By PTI
NAGPUR: Union Minister Nitin Gadkari on Saturday launched ‘iRASTE’, an Artificial Intelligence-powered project, on a pilot basis in Nagpur in Maharashtra with the aim of reducing accidents by 50 per cent in Vidarbha’s biggest city.
A collaborative effort between the government, Intel, INAI, IIIT-Hyderabad, CSIR-CRRI (Central Road Research Institute), Mahindra & Mahindra and Nagpur Municipal Corporation (NMC), the project will focus on vehicle safety, mobility analysis and road infrastructure safety to move towards a ‘Vision Zero’ accident scenario, a release said.
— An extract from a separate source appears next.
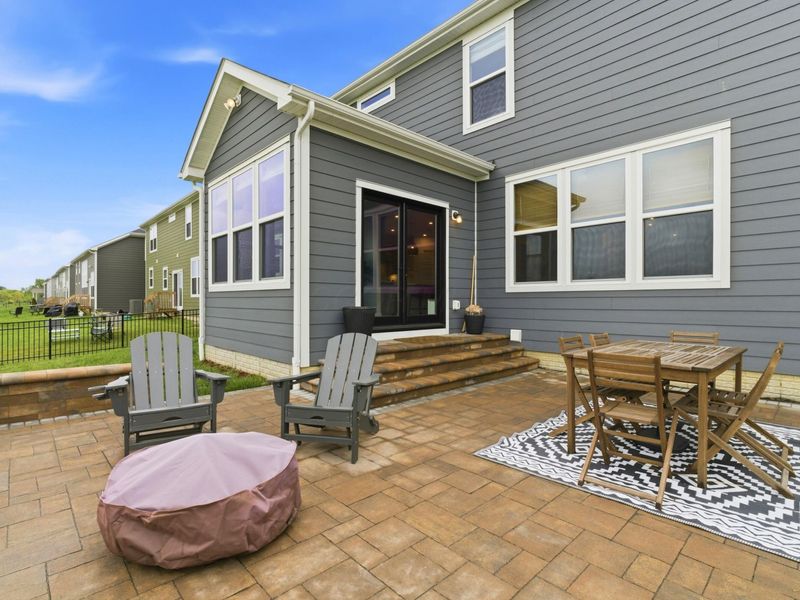 1930 Cavolo Drive, Hilliard, OH 43026 Photo 49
Vehicles belonging to NMC will be equipped with collision avoidance technology that can reduce accidents and near misses by up to 60 percent, while sensors will help map the dynamic risk of the entire road network, which can be used by agencies to prevent and rectify accident-prone zones, also called black spots, the release added.
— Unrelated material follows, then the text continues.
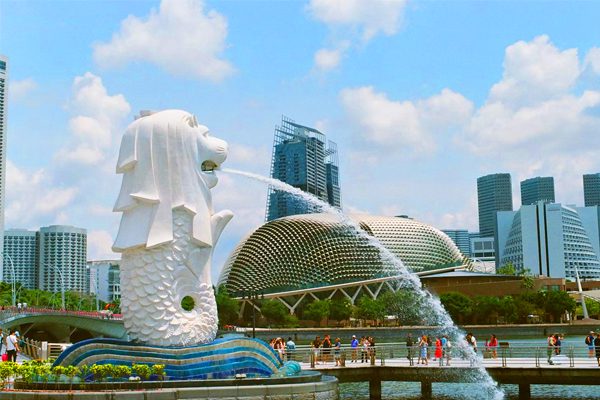 Singapore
Gadkari said 1,500 accidents, which cause 250 deaths, take place in Nagpur every year and the use of AI to map accident spots, which will be repaired by his ministry, will also help collect data on road surface condition, signage, marking, signal details, type of vehicles, models in use and utility assets.
“The crash severity index (which is found by calculating fatalities and serious injuries in an accident) in Nagpur was 21.22 in 2018, 24.83 in 2019, and 70.17 in 2020, this increase coming during the COVID-19 pandemic (when most areas were under lockdown), which is not a good thing at all,” he said.
Nagpur was witnessing an average of eight road accident deaths for every one lakh people in the last three years, which was four times that of a much bigger city like Mumbai, and this situation needed to be addressed quickly, Gadkari added.
Intel India Country Head Nivruti Rai and IITH Director Professor PJ Narayan, who spoke on the occasion, said the ‘iRASTE’ project would go a long way in creating a blueprint for the country in order to bring accidents to zero.